Like I said, the "feeling" comes at odd times.
We took the entire NC 1st Battalion (Confederate) up to a smallish reenactment in upstate NY years back. Just for grins, we all got out of the buses (about 150 of us) about a mile or so from the site. Got into uniform and heavy marching order, that is with blanket rolls, packs, etc, just like a unit on the move. We formed up in a column of fours, unfurled the colors, got the drum going and we marched the last mile to the camp with muskets at the right shoulder and fixed bayonets. I was near the rear of the column and the tramp of marching feet, the drums, the muskets swaying in time with the colors in the distance, yeah the feeling was there. We marched into the reenactment like that. The column halted, we formed into ranks and stacked muskets as proscribed in Hardee's. It brought the entire place to a halt.

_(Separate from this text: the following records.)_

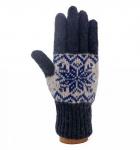 Перчатки вязаные арт.ПР1410-03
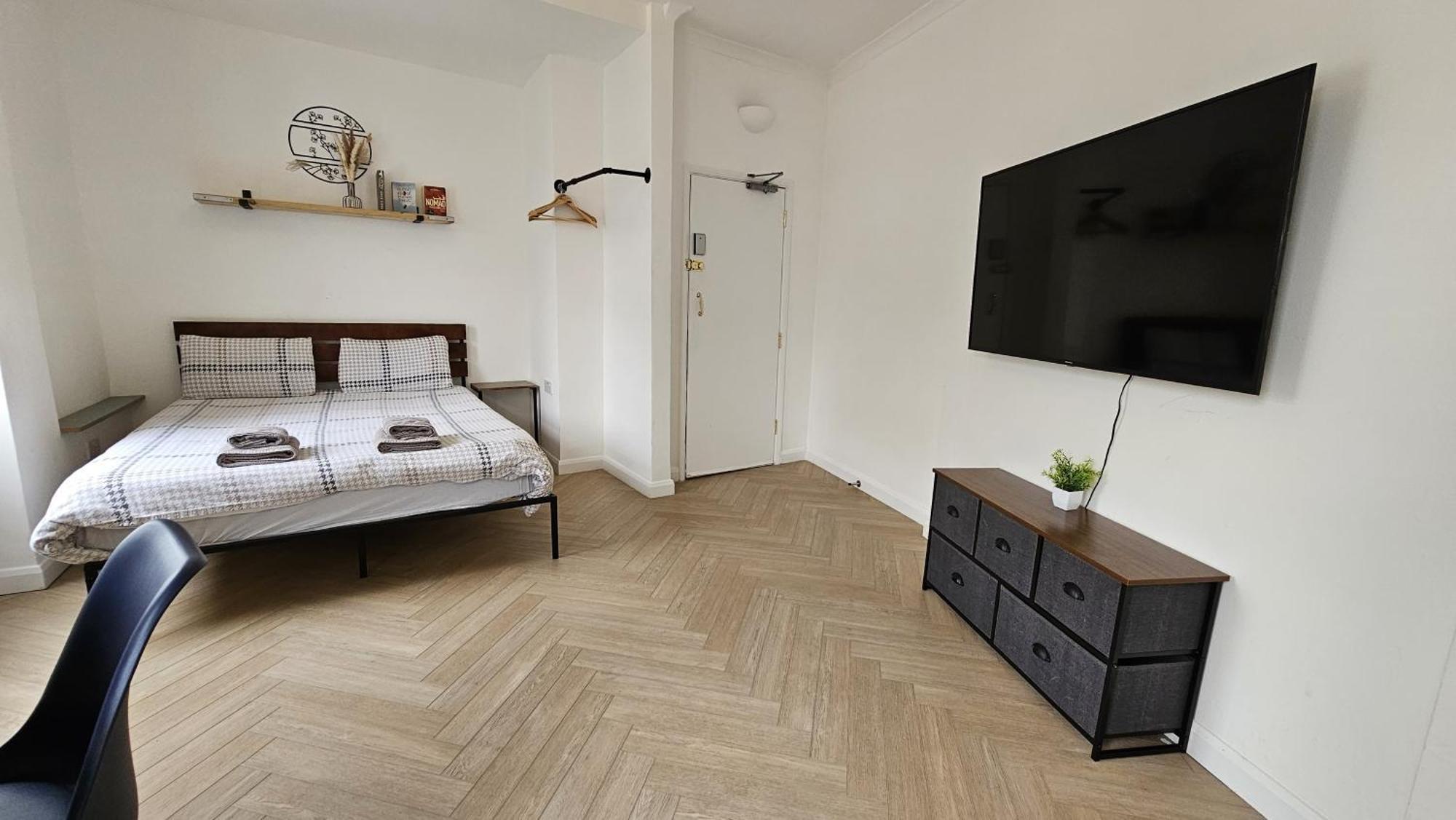 Newly Renovated Studios & Ensuite Rooms! - Camberwell London Bagian luar foto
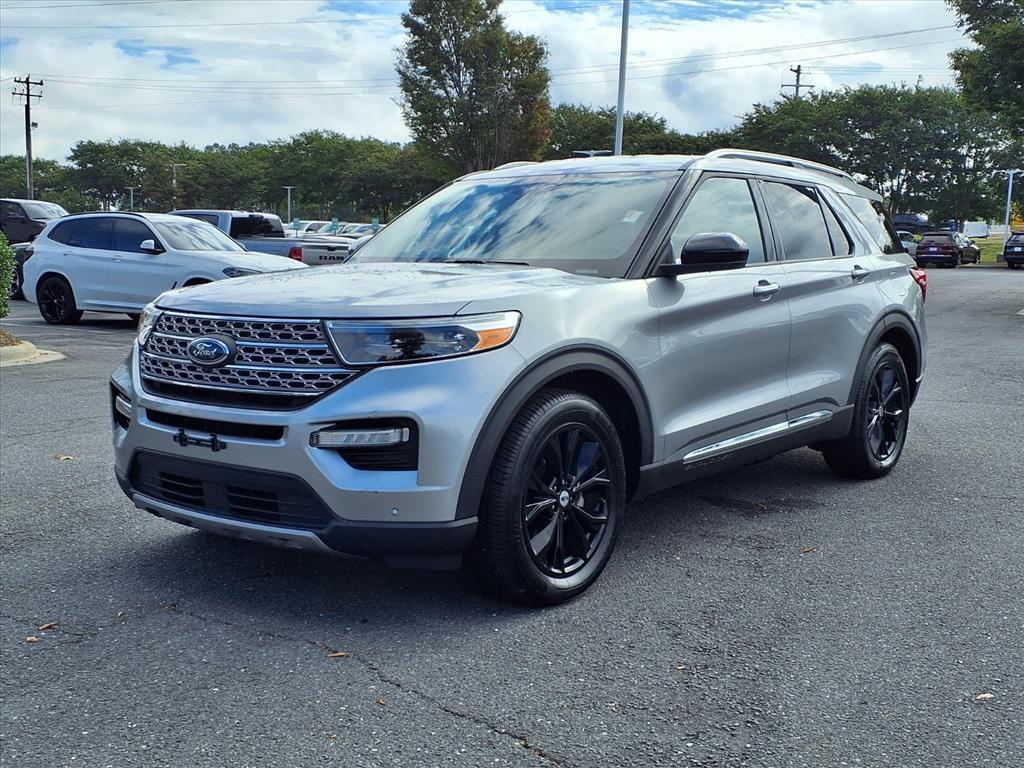 2024 Ford Explorer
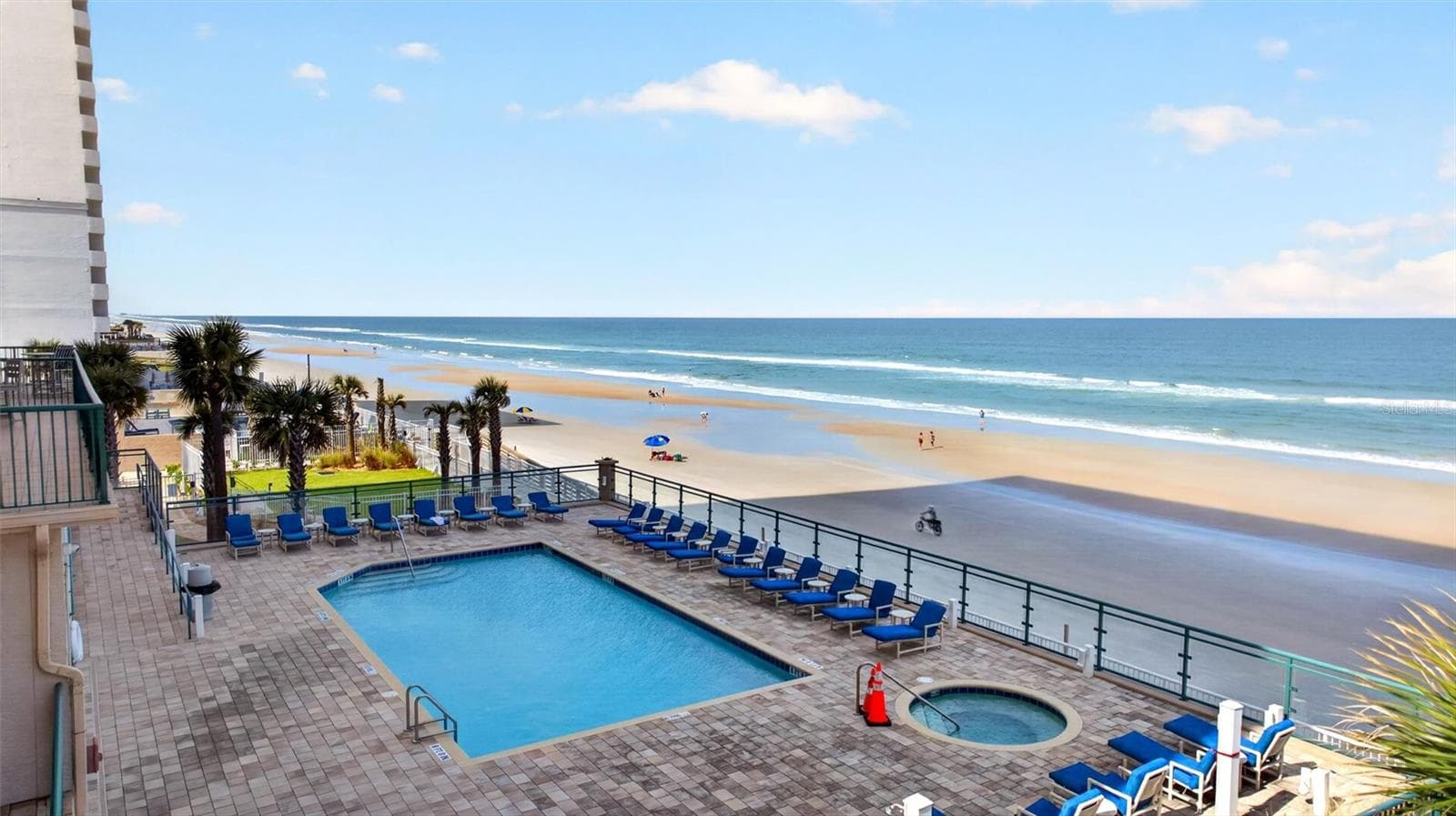 Condominium at 3311 S ATLANTIC AVE #302, DAYTONA BEACH SHORES, photo 94 of 96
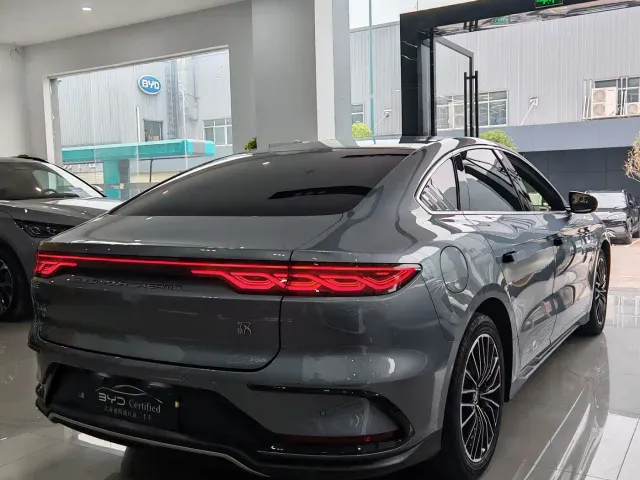 BYD Han — Фото автомобиля 3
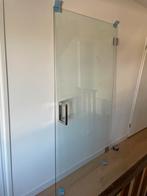 Sealskin I AM swingdeur 100x200cm chroom - zgan, Huis en Inrichting, Ophalen, Nieuw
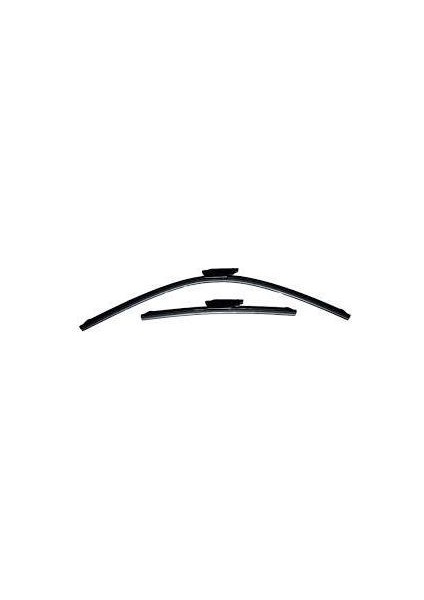Captur 1 - I Silgi Süpürgesi Takım Geçmeli Tip 35+66 cm 288905875R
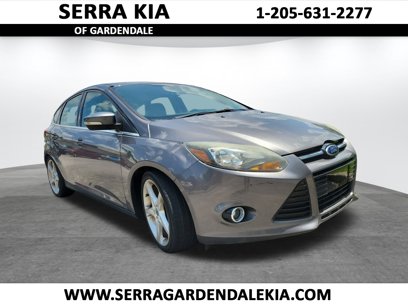 Used 2014 Ford Focus Titanium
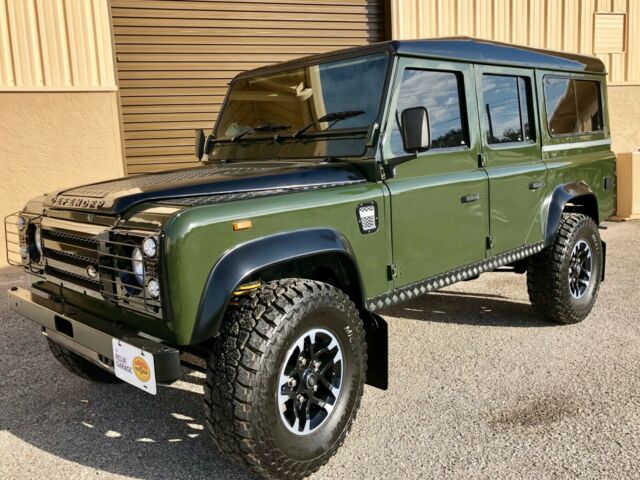 1992 Land Rover Defender 110 - photo 3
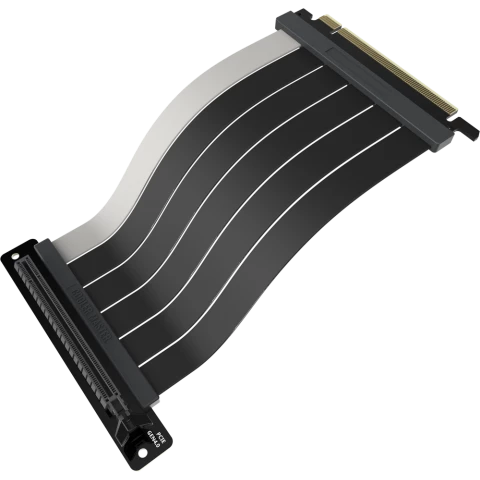 Riser переходник Cooler Master Riser Cable PCIe 4.0 x16 - 300mm V2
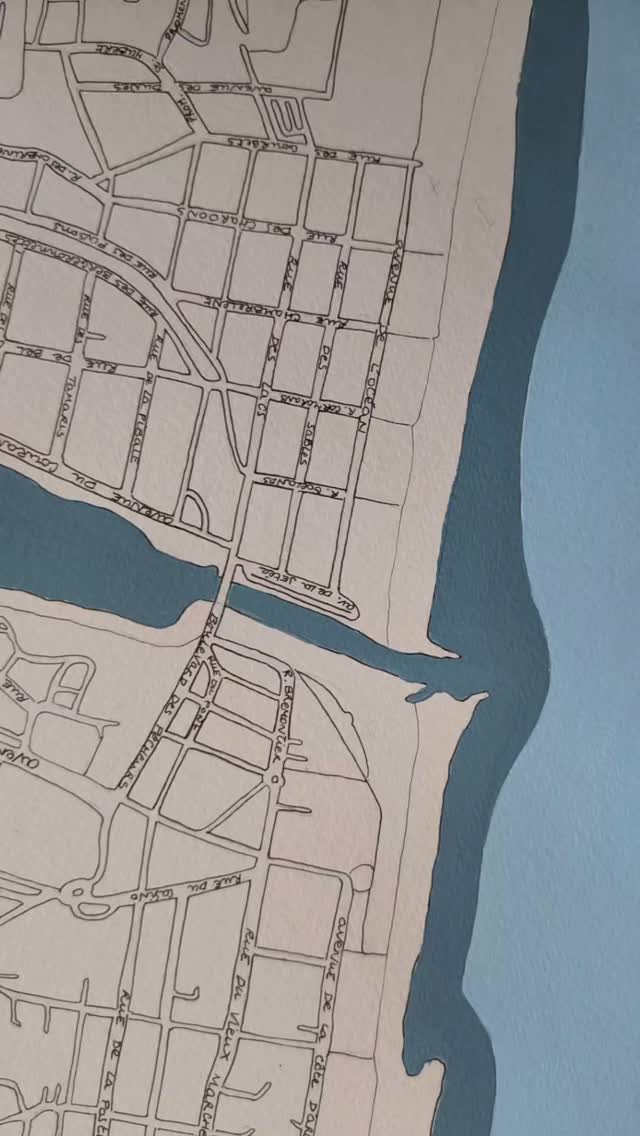 ✨ MIMIZAN Plage 🏖️
Commande personnalisée - peinture encre et gouache sur papier texturé 300g - 40x50cm
Merci Alain ! 😉🖼️
#plandeville #artduplan #mapart #affichepersonnalisée #monquartier #gouachepainting #liquitexacrylicgouache #sakurapens #mimizan #mimizanplage #mimizantourisme
#commandepersonnalisée #mapyourlife #illustrationvoyage #illustratricefreelance #emyloart #EmYLo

Later in that same reenactment, we gave the Yankees a thrill. We treated them to a full on, by the numbers bayonet charge complete with fixed bayonets and a Rebel Yell. Done correctly, it starts slow at the half step as the ranks form, then picks up speed and pace and is done at a dead run for the last 50 or so yards. Folks afterwards told us it was chilling to watch a gray tide tipped with steel start moving forwards faster and faster with the "Seccesh" screaming all the way.
Blue or Gray, nothing can be taken from those guys for sheer guts and courage.